# Actor Critic

In [1]:
from copy import deepcopy
import numpy as np
import torch
import torch.nn as nn
import torch.optim as optim

In [2]:
class CliffWalkingEnv:

    def __init__(self):
        self.num_of_rows = 6
        self.num_of_cols = 10
        self.start_state = (5, 0)
        self.terminal_state = (5, 9)
        self.cliff_states = [(5, i) for i in range(1, 8)]
        self.current_state = None
        self.directions = [
            ((+0, +1), 'up', '⬆'),
            ((+1, +0), 'down', '⬇'),
            ((+0, -1), 'left', '⬅'),
            ((-1, +0), 'right', '➡')
        ]

    def step(self, action):
        x, y = self.current_state
        dx, dy = self.directions[action][0]
        nx, ny = x + dx, y + dy
        next_state = (nx, ny)
        if 0 <= nx < self.num_of_rows and 0 <= ny < self.num_of_cols:
            self.current_state = next_state

        reward = -5.0
        is_terminal = False
        if self.current_state in self.cliff_states:
            reward = -100.0
            self.current_state = deepcopy(self.start_state)
        elif self.current_state == self.terminal_state:
            is_terminal = True
        next_state_id = self.cords_to_state_id(self.current_state)
        return next_state_id, reward, is_terminal

    def reset_state(self):
        self.current_state = self.start_state
        return self.cords_to_state_id(self.current_state)

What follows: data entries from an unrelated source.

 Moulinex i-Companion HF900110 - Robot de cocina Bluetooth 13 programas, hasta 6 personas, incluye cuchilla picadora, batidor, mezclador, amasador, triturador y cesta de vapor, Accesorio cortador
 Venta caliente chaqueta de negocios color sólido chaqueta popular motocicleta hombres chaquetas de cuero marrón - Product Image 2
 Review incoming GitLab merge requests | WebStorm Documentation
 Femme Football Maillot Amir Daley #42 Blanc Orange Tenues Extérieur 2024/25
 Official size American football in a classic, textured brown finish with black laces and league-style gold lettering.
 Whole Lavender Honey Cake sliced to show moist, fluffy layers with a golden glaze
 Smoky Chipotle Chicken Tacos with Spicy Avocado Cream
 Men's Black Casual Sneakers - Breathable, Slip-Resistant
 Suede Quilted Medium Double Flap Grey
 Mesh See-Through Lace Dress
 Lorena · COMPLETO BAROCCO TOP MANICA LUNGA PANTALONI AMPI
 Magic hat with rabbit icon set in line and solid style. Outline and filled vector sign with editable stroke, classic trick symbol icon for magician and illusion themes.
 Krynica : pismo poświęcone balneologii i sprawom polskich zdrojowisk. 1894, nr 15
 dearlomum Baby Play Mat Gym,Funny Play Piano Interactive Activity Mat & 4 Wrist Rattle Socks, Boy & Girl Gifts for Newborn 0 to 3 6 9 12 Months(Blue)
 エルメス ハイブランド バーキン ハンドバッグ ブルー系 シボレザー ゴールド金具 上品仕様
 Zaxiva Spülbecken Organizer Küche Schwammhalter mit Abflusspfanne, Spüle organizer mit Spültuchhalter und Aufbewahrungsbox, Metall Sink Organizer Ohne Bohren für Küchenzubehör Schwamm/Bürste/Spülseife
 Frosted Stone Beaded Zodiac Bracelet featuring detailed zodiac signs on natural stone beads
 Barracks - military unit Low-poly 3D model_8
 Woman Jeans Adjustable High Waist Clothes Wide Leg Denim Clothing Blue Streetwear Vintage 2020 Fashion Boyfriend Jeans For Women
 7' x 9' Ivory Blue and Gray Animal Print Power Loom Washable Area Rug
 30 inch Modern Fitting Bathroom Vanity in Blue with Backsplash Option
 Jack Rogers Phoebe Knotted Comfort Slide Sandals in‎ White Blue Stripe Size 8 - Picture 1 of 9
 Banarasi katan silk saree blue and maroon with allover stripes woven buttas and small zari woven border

    def cords_to_state_id(self, state):
        r, c = state
        return r * self.num_of_cols + c

    def print_policy_table(self, actor_model):
        print(f'{f"State/Action":^12}', end='\t')
        for curr_action in self.directions:
            print(f'{curr_action[2]:^10}', end='\t')
        print()

        for r in range(0, self.num_of_rows):
            for c in range(0, self.num_of_cols):
                curr_state_cords = (r, c)
                curr_state = self.cords_to_state_id(curr_state_cords)
                probs = actor_model(curr_state)
                print(f"{f'({r}, {c})':^10}: ", end='\t')
                for prob in probs:
                    print(f"{prob:^10.3f}", end='\t')
                print()

In [3]:
class NeuralNetwork(nn.Module):
    def __init__(self, alpha, in_dims, hl1_dims, hl2_dims, hl3_dims, out_dims):
        super().__init__()
        self.layers = nn.Sequential(
            nn.Linear(in_dims, hl1_dims),
            nn.ReLU(),
            nn.Linear(hl1_dims, hl2_dims),
            nn.ReLU(),
            nn.Linear(hl2_dims, hl3_dims),
            nn.ReLU(),
            nn.Linear(hl3_dims, out_dims),
            nn.Softmax(dim=0)
        )
        self.optimizer = optim.Adam(self.parameters(), lr=alpha)

    def forward(self, x):
        x = torch.FloatTensor(np.array([x]))
        return self.layers(x)

In [4]:
class Agent(object):
    def __init__(self, alpha1, alpha2, in_dims=1, hl1_dims=256, hl2_dims=512, hl3_dims=128, out_dims=2, gamma=0.7):
        self.gamma = gamma
        self.actor = NeuralNetwork(alpha1, in_dims, hl1_dims, hl2_dims, hl3_dims, out_dims)
        self.critic = NeuralNetwork(alpha2, in_dims, hl1_dims, hl2_dims, hl3_dims, 1)
        self.device = torch.device('cuda:0' if torch.cuda.is_available() else 'cpu')
        self.log_probs = None

    def next_action(self, curr_state, random=False):
        probs = self.actor(curr_state)
        if random:
            probs = torch.FloatTensor([0.25] * 4)
        action_cat_probs = torch.distributions.Categorical(probs)
        action = action_cat_probs.sample()
        self.log_probs = action_cat_probs.log_prob(action)
        return action.item()

    def train(self, curr_state, reward, next_state, done):
        self.actor.optimizer.zero_grad()
        self.critic.optimizer.zero_grad()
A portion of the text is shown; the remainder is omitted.